Yankees team physician Dr. Christopher Ahmad explained it well in 2019: “Hard throwers, including pitchers and position players, not only impose great force on their UCL, but they also put great force on the bone at the back of the elbow, called the olecranon. This additional stress can create bone spurs, also called osteophytes.”

That’s where loose bodies come in. When pieces of those bone spurs chip off, you’ve got loose bodies floating around in there. Bone chips and loose bodies are basically the same thing – loose bodies is just the formal medical term.

What Does It Feel Like?

Stiffness and pain are the main symptoms, but there’s more to it than that.
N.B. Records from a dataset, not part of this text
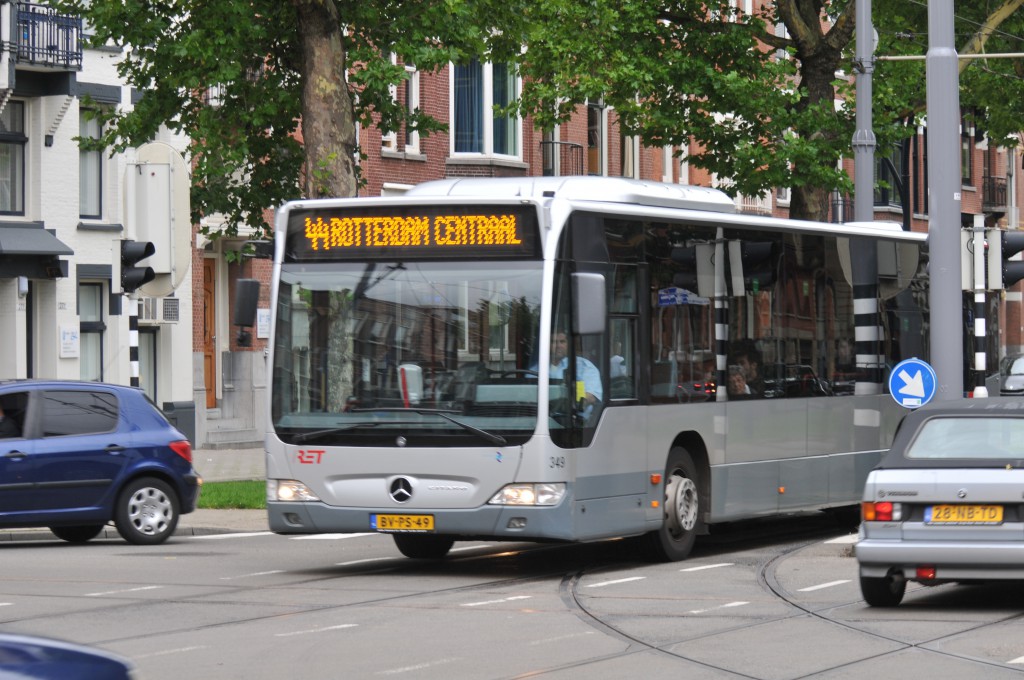 Bus 349, Citaro-Mercedes, Omleiding diverse lijnen in verband met het Zomercarnavel op 30-7-2011, lijn 44,
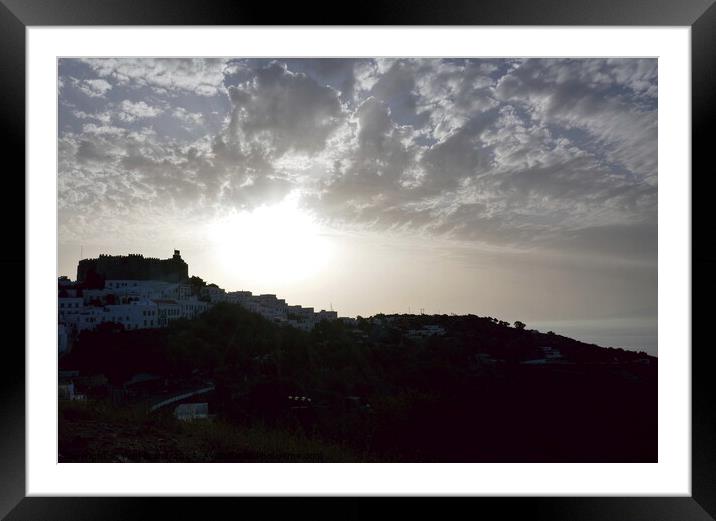 Monastery on Patmos, evening 1 Framed Mounted Print by Paul Boizot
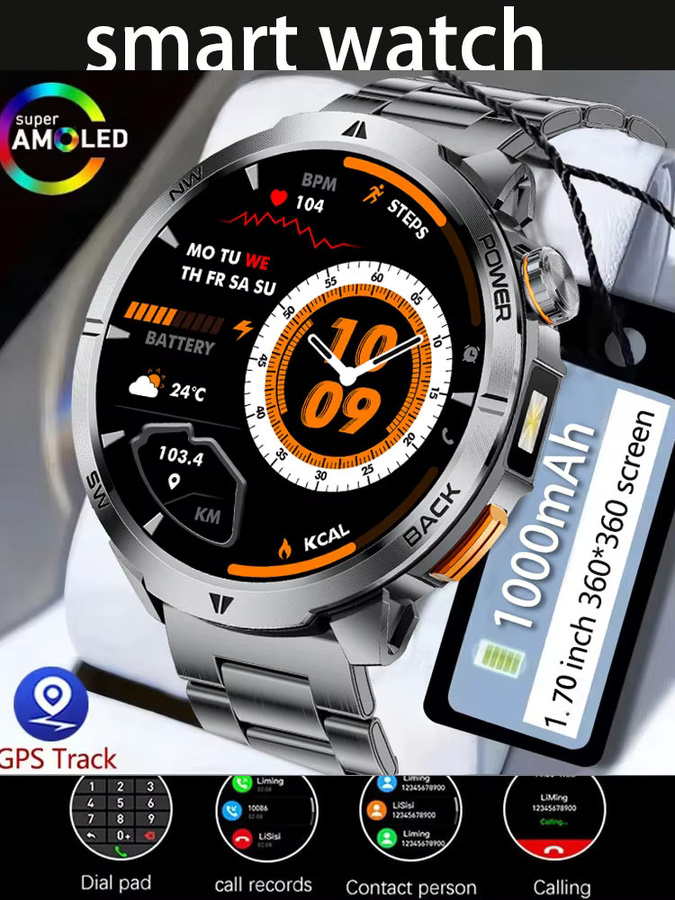 BOALZETD Smartwatch, Schwarz, GPS, Herren - Bild 7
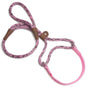 Mendota Pet Large Martingale Slip Walker Dog Collar & Leash, Pink Camo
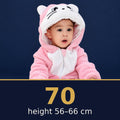 Solis Critter Onesie Pink And White Cat — size 70 · height 56–66 cm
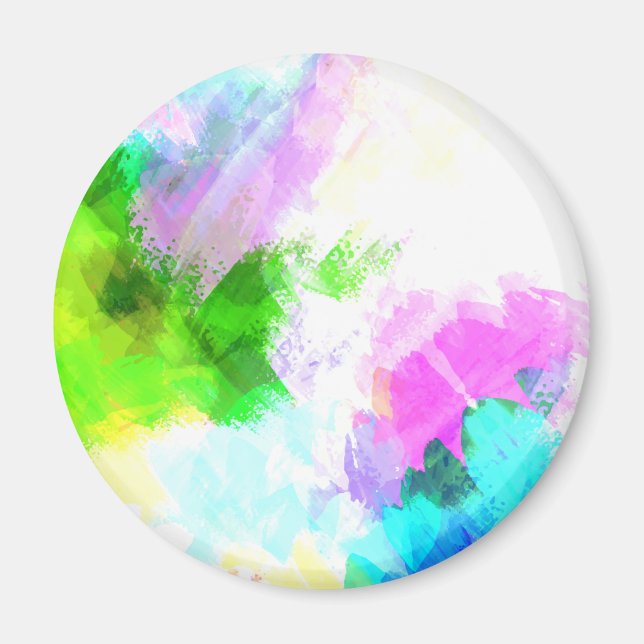 Abstract watercolor paint magnet (Front)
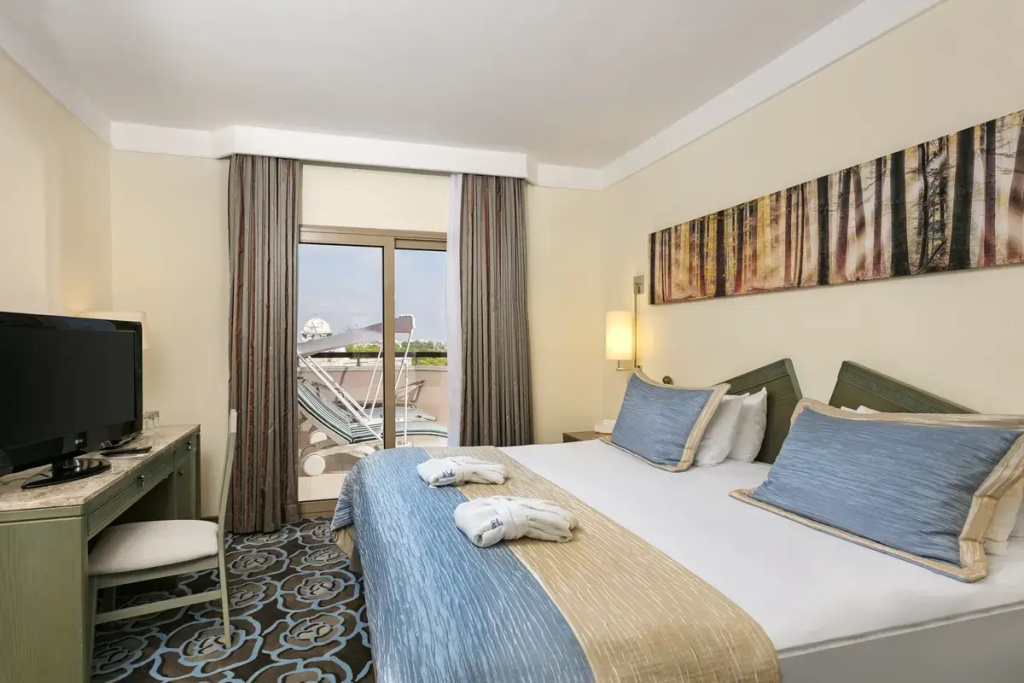 Double Junior Suite with pool view (full double bed)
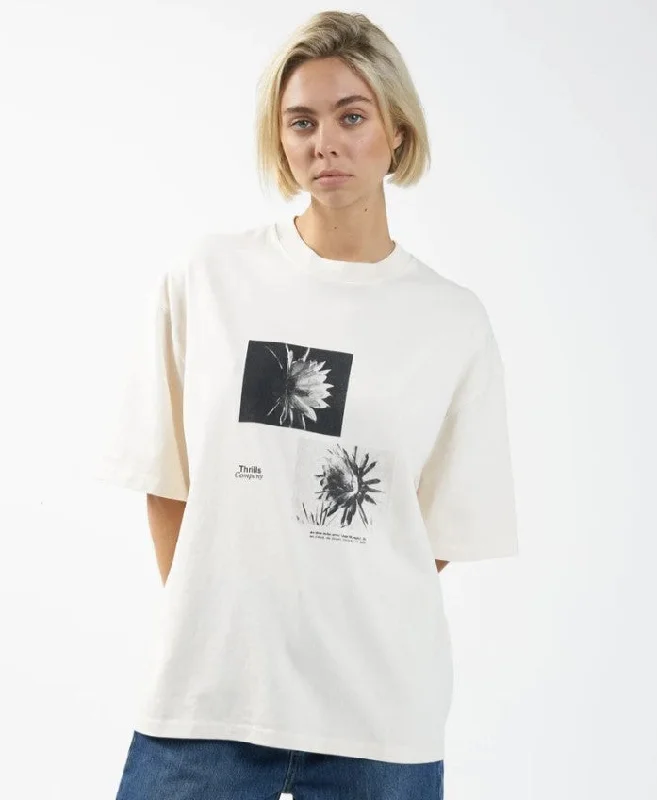 Thrills Dark Lily Oversized Women's Tee Win24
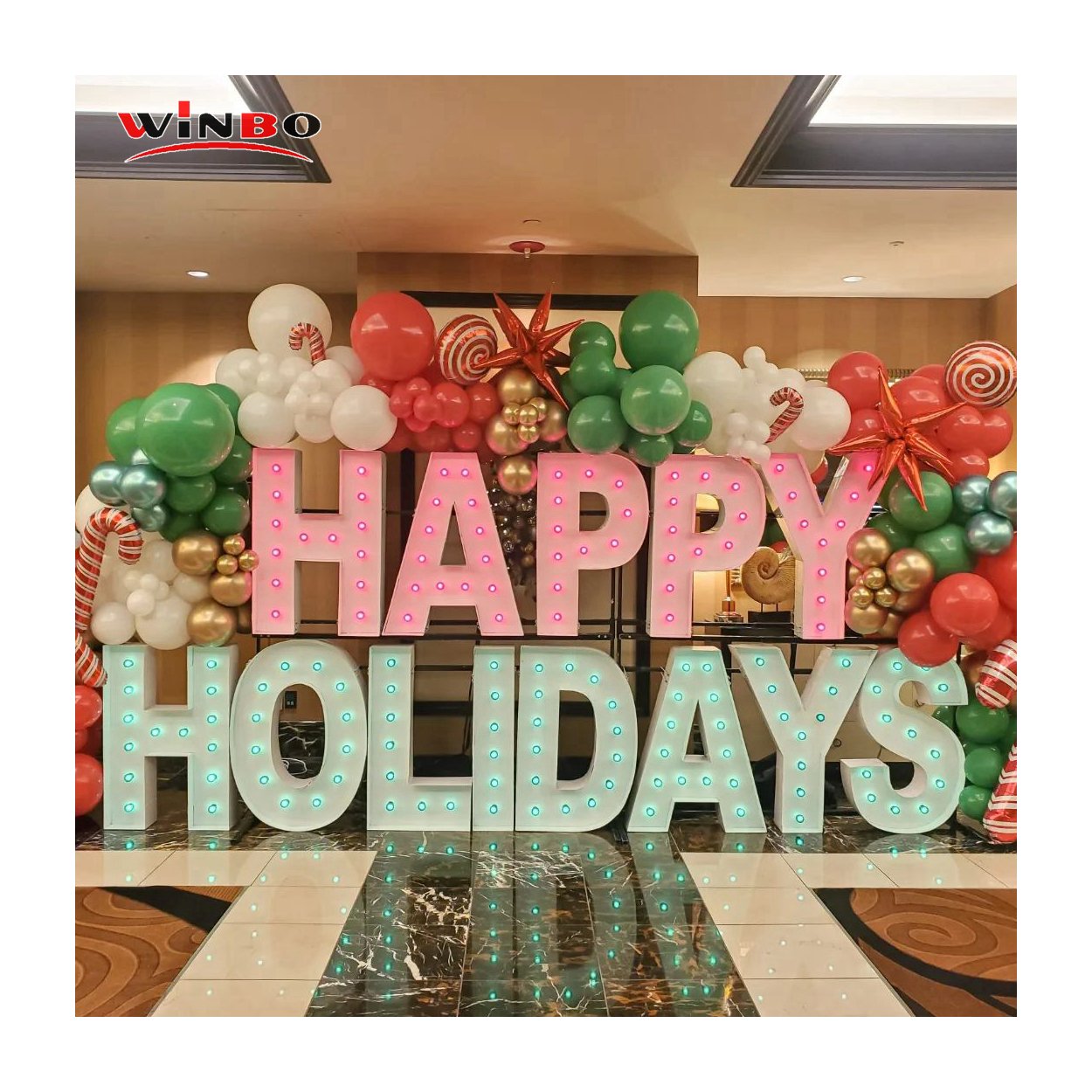 Winbo Manufacturer 3ft 4ft 5ft letters led lighting marquee letter led neon sign NO MOQ light up led letters stand alone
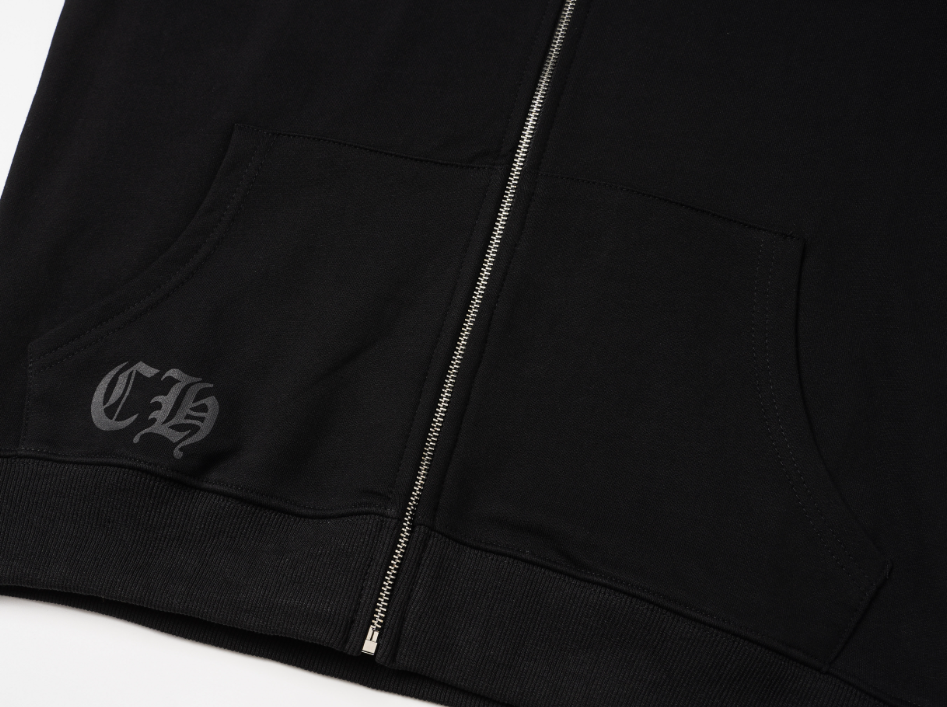 Chrome Hearts Zip-Up - Black
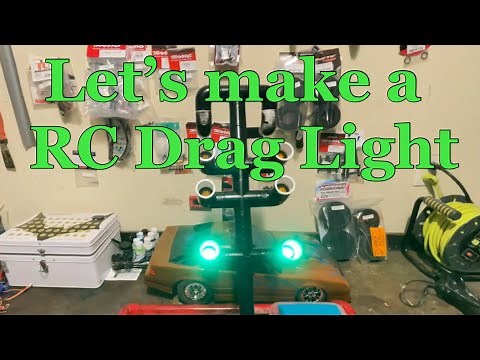 Making a RC Drag Racing start light {Great for No Prep RC Drag Racing.}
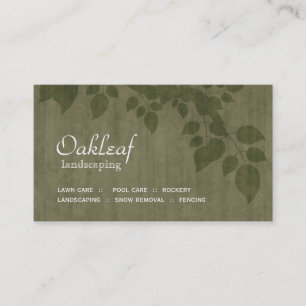 Visite Aménagement du feuille vert d'arbre de carte de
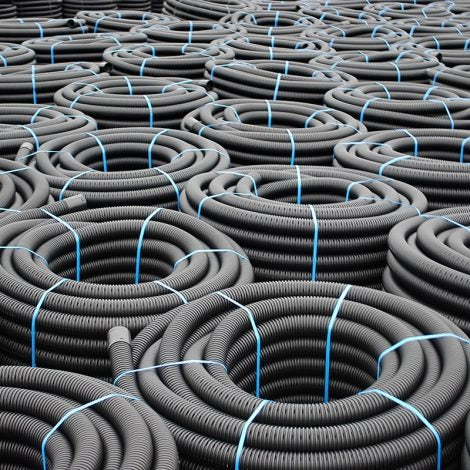 100Mtr COIL 80mm Flexible Land Drainage Pipe
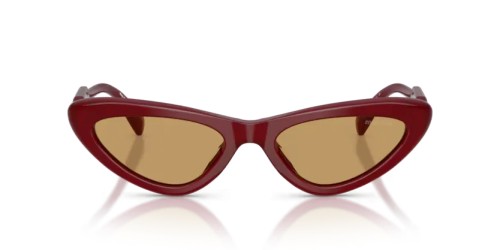 MIU MIU MU B11SU - 21I10Y - 55 Sonnenbrillen Opal Burgunderrot Cat Eye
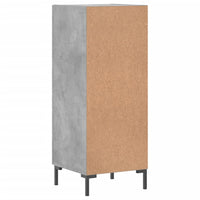 Thumbnail for Sideboard Betongrau 34,5x34x90 cm Holzwerkstoff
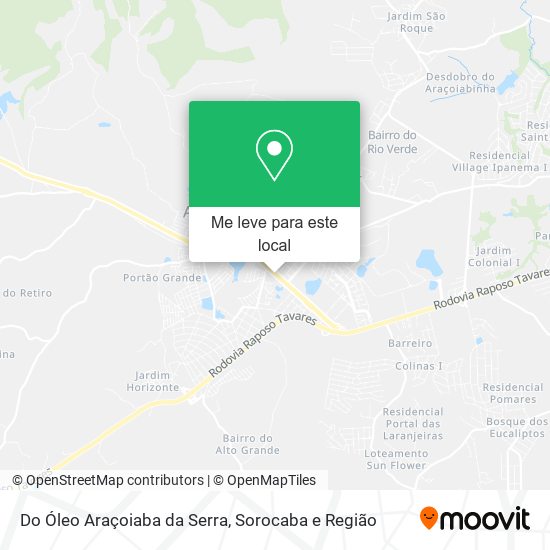 Do Óleo Araçoiaba da Serra mapa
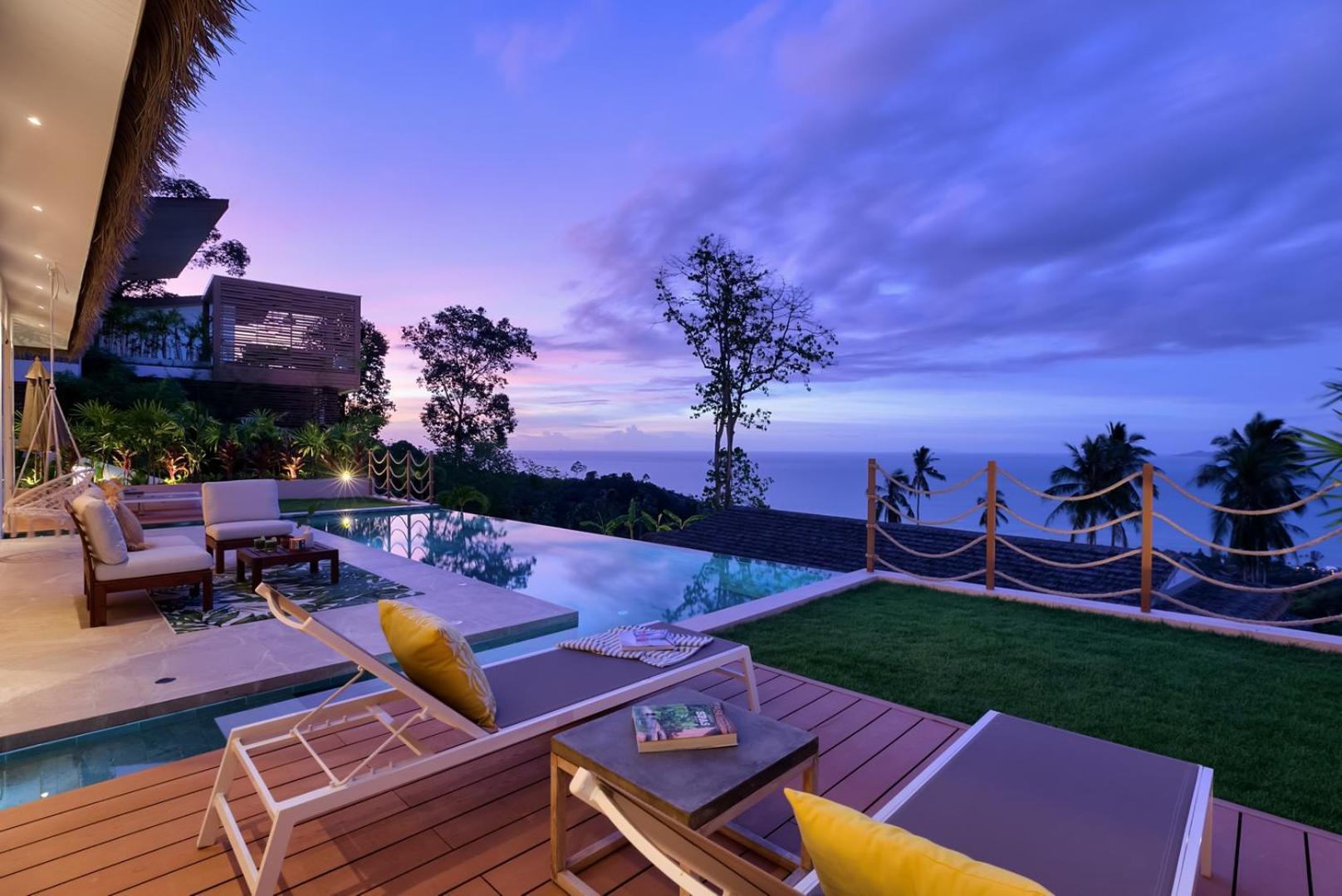 Tropical Seaview Villa With Pool เกาะสมุย ภายนอก รูปภาพ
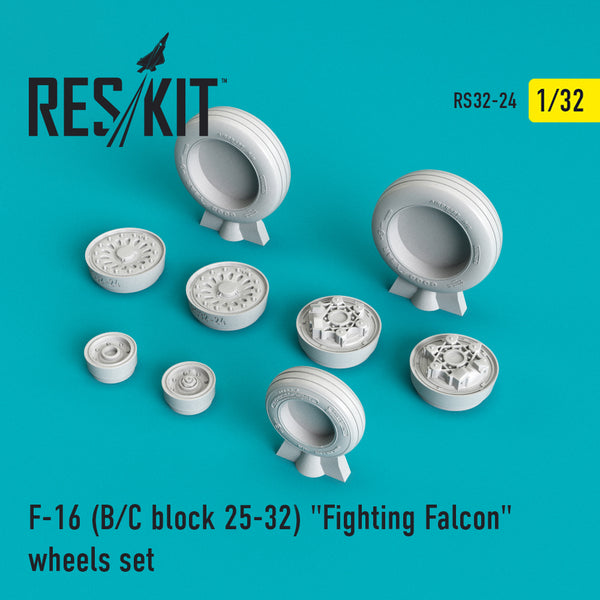 Res/Kit 320024 1/32 F-16(B/C) Block 25-32 "Fighting Falcon" Wheel Set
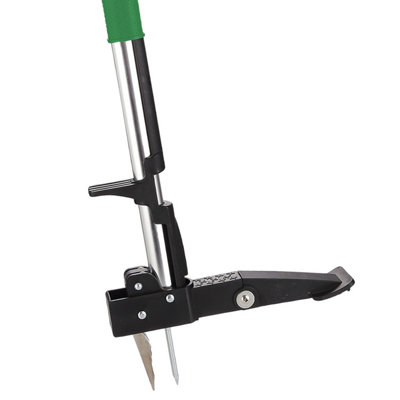 AMOS Mechanical Weed Puller 4-Claw & Foot Pedal, Telescopic Root Remover, Stand-up Manual Tool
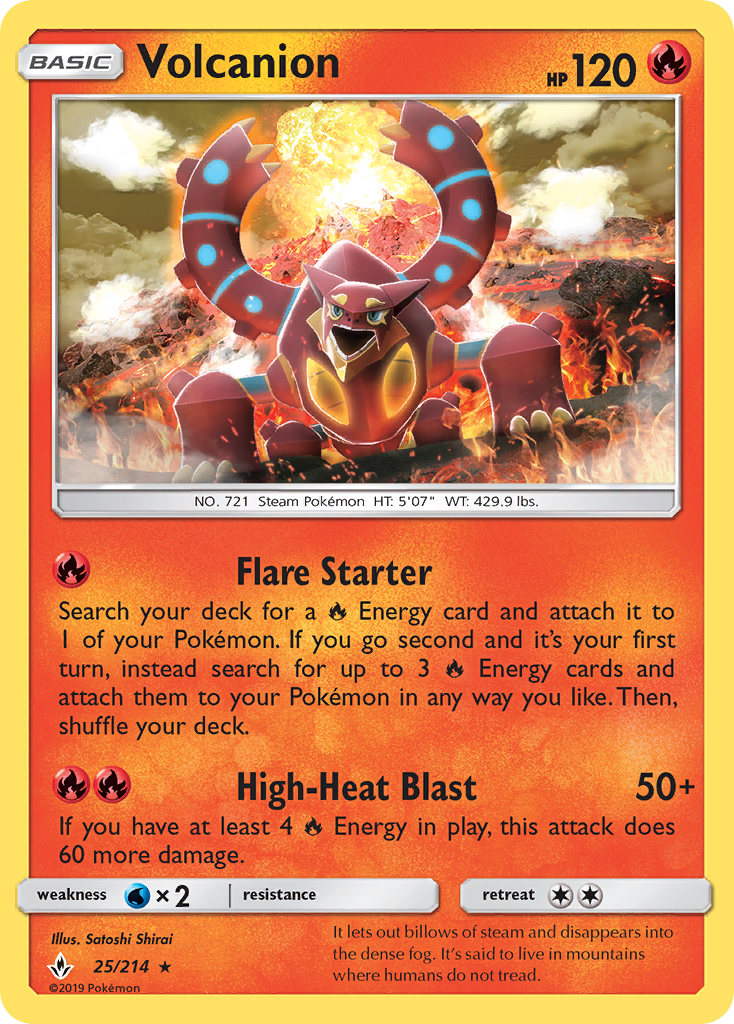 Volcanion (25/214) [Sun & Moon: Unbroken Bonds] | Fandemonia Ltd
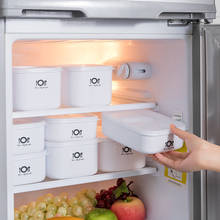 Única camada de armazenamento de alimentos recipiente selo capa crisper geladeira alimentos frutas vegetais caixa organizador carne 2024 - compre barato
“Patients may experience a ‘catching’ sensation or be aware of something moving around inside the joint,” according to Colorado University’s medical school. “A loose body can create a feeling of the elbow being stuck, then it will suddenly ‘click-free.'”

Now that sounds uncomfortable. Pain and stiffness can also signal ligament damage, which is why a loose bodies diagnosis actually comes as a relief – it’s much less serious.

Treatment and Recovery Timeline

For regular people, doctors typically focus on reducing pain and swelling rather than removing the chips unless they’re causing serious problems. Pitchers are different – they need full range of motion to perform at their best, so surgery is more common.

The good news? It’s arthroscopic and minimally invasive. The timeline is usually 2-3 months for a return to the mound.

That’s what Dodgers closer Edwin Díaz was looking at after his procedure in 2024. Spencer Schwellenbach, Hunter Greene and Tarik Skubal all had the surgery that year too, with Greene’s recovery expected to take 3-4 months while Díaz’s was 2-3 months.

Carlos Rodón had surgery to remove bone chips after the 2023 season, but his procedure also included shaving down a bone spur, which cost him more than six months.

Veterans like Stephen Strasburg, Carlos Carrasco and Yu Darvish have all had the procedure in the past. Most waited until season’s end and were ready for spring training.

While the surgery itself is minimally invasive, pitchers put so much force on their elbows that everything needs to be fully healed before they can start throwing again. It’s not the worst injury a pitcher can face, but it’s still significant enough to derail a season if the timing’s wrong.